1 files changed, 468 insertions, 0 deletions
diff --git a/sql/rowid_filter.h b/sql/rowid_filter.h
new file mode 100644
index 00000000000..a9930dcbca8
--- /dev/null
+++ b/sql/rowid_filter.h
@@ -0,0 +1,468 @@
+/*
+   Copyright (c) 2018, 2019 MariaDB
+
+   This program is free software; you can redistribute it and/or modify
+   it under the terms of the GNU General Public License as published by
+   the Free Software Foundation; version 2 of the License.
+
+   This program is distributed in the hope that it will be useful,
+   but WITHOUT ANY WARRANTY; without even the implied warranty of
+   MERCHANTABILITY or FITNESS FOR A PARTICULAR PURPOSE.  See the
+   GNU General Public License for more details.
+
+   You should have received a copy of the GNU General Public License
+   along with this program; if not, write to the Free Software
+   Foundation, Inc., 51 Franklin St, Fifth Floor, Boston, MA 02110-1301  USA */
+
+#ifndef ROWID_FILTER_INCLUDED
+#define ROWID_FILTER_INCLUDED
+
+
+#include "mariadb.h"
+#include "sql_array.h"
+
+/*
+
+  What rowid / primary filters are
+  --------------------------------
+
+  Consider a join query Q of the form
+    SELECT * FROM T1, ... , Tk WHERE P.
+
+  For any of the table reference Ti(Q) from the from clause of Q different
+  rowid / primary key filters (pk-filters for short) can be built.
+  A pk-filter F built for Ti(Q) is a set of rowids / primary keys of Ti
+  F= {pk1,...,pkN} such that for any row r=r1||...||rk from the result set of Q
+  ri's rowid / primary key pk(ri) is contained in F.
+
+  When pk-filters are useful
+  --------------------------
+
+  If building a pk-filter F for Ti(Q )is not too costly and its cardinality #F
+  is much less than the cardinality of T - #T then using the pk-filter when
+  executing Q might be quite beneficial.
+
+  Let r be a random row from Ti.
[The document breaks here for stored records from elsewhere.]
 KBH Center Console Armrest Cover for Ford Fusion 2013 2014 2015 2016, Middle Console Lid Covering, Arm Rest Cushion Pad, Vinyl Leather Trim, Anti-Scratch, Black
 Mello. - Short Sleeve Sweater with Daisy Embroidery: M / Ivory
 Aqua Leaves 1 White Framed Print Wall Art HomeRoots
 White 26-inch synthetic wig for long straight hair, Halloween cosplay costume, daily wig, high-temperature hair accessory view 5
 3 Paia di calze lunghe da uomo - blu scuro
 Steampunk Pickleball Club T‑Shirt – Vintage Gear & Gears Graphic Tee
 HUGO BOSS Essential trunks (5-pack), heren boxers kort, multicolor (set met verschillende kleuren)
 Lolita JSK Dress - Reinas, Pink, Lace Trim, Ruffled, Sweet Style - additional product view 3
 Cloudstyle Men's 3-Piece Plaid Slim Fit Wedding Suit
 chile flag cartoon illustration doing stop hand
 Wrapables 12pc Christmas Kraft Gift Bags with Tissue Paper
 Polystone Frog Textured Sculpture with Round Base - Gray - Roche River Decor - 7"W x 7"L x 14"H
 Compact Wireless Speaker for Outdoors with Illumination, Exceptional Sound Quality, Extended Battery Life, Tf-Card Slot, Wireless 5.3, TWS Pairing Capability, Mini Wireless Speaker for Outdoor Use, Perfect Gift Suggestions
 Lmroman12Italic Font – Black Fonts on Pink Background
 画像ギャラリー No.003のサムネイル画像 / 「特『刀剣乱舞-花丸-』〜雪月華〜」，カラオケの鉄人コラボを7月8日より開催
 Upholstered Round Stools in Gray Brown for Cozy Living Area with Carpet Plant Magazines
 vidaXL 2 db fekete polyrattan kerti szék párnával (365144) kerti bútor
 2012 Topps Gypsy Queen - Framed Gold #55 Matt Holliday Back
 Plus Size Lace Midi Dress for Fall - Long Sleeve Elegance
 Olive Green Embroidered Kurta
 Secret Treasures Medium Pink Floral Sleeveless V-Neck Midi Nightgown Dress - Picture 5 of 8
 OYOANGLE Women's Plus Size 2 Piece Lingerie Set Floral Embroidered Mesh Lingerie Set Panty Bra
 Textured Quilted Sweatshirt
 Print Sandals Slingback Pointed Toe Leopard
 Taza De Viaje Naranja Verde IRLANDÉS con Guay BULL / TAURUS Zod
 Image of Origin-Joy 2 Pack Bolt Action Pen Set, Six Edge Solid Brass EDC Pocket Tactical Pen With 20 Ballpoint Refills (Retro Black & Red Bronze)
Let s(F) be the probability that pk(r)
+  belongs to F. Let BC(F) be the cost of building F.
+
+  Suppose that the optimizer has chosen for Q a plan with this join order
+  T1 => ... Tk and that the table Ti is accessed by a ref access using index I.
+  Let K = {k1,...,kM} be the set of all rowid/primary keys values used to access
+  rows of Ti when looking for matches in this table.to join Ti by index I.
+
+  Let's assume that two set sets K and F are uncorrelated.  With this assumption
+  if before accessing data from Ti by the rowid / primary key k we first
+  check whether k is in F then we can expect saving on M*(1-s(S)) accesses of
+  data rows from Ti. If we can guarantee that test whether k is in F is
+  relatively cheap then we can gain a lot assuming that BC(F) is much less
+  then the cost of fetching M*(1-s(S)) records from Ti and following
+  evaluation of conditions pushed into Ti.
+
+  Making pk-filter test cheap
+  ---------------------------
+
+  If the search structure to test whether an element is in F can be fully
+  placed in RAM then this test is expected to be be much cheaper than a random
+  access of a record from Ti. We'll consider two search structures for
+  pk-filters: ordered array and bloom filter. Ordered array is easy to
+  implement, but it's space consuming. If a filter contains primary keys
+  then at least space for each primary key from the filter must be allocated
+  in the search structure. On a the opposite a bloom filter requires a
+  fixed number of bits and this number does not depend on the cardinality
+  of the pk-filter (10 bits per element will serve pk-filter of any size).
+
+*/
+
+/*
+
+  How and when the optimizer builds and uses range rowid filters
+  --------------------------------------------------------------
+
+  1. In make_join_statistics()
+       for each join table s
+         after the call of get_quick_record_count()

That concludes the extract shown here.